Completely new to this so looking for some advice please? I want to buy a spotting scope for my fathers 60th birthday. He doesn’t know he is getting it and he has never used one before so complete beginner. He lives on Jersey Island and he has a lovely view of France from his house. The French coast is approximately 14miles away.

Can anyone please give me some ideas on what scope to buy? It has to be easy for beginners, I would like him to be able to see as much detail as possible in regards to boats/people/houses etc. and also affordable?

Thank you so much in advance. Darren.
 
If he has never used a scope, remember that a scope requires a tripod and tripod head, which are a pain to move around, so your purchase will effectively become part of his furniture. Are you confident he wants one or would binoculars be more convenient/pleasing?

Separately, your budget will drive the decision. At one extreme, Swarovski's superb ATX95 with a binoviewer costs around $6000, whereas some more modest Celestron setup sells for a few hundred. The difference is ease of view and image quality, not magnification. A good optics shop is well worth visiting, just to get a feel for what you are paying for.
 
Completely new to this so looking for some advice please?
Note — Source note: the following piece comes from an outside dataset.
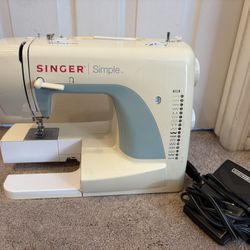 Singer Sewing machine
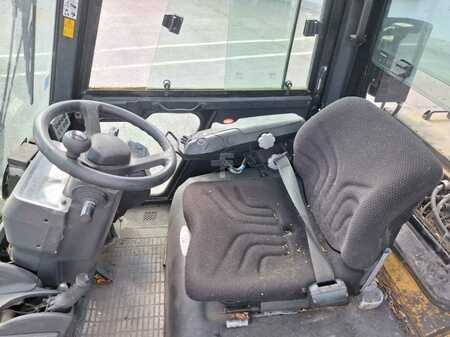 Chariots élévateurs diesel 2017  CAT Lift Trucks DP25NT (8)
I want to buy a spotting scope for my fathers 60th birthday. He doesn’t know he is getting it and he has never used one before so complete beginner. He lives on Jersey Island and he has a lovely view of France from his house. The French coast is approximately 14miles away.

This is a lovely idea of yours. I see only one potential problem: You will have to pay hundreds if not thousands of dollars to implement this idea, and if your father doesn't know what's in store for him, it is possible that your gift only gathers dust in your father's attic.

Also, I'm not sure your expectations are realistic: It's not rocket science to operate a spotting scope, so the "easy for beginners" part is not a problem.

However, seeing details from 14 miles distance seems like a tall order. Most scopes deliver up to 60 times magnification, which would ideally mean that the French coast appears to be only (roughly) a quarter mile away from your father's house.

Try out for yourself what your naked eyes can resolve and recognize from a quarter mile away. I'm not sure this will be sufficiently entertaining.
 
Hi,

In general 14 miles is pushing the limits terrestially - as has been pointed out, at 60x, the maximum magnification of most spotters, things will not appear very close.
Increasing the magnification means that the choice of spotting scopes is limited to some few which offer this (usually with an extender or special eyepiece) and also depending on the day, air movement called seeing can make any attempt of reaching higher magnification futile.

If you really want to go through with it, a small astro scope (either a refractor of 60 to 80mm or a Maksutov-Cassegrain up to 90 or 100mm) on a manual alt-az mount or even a stable photo tripod and video head like a spotter is probably the cheapest way to get optics capable of doing this at the cost of higher weight than most spotters and no ruggedizing and waterproofing.

But remember most astro scopes deliver an image with left and right reversed, unless you use an amici prism instead of the normal star diagonal.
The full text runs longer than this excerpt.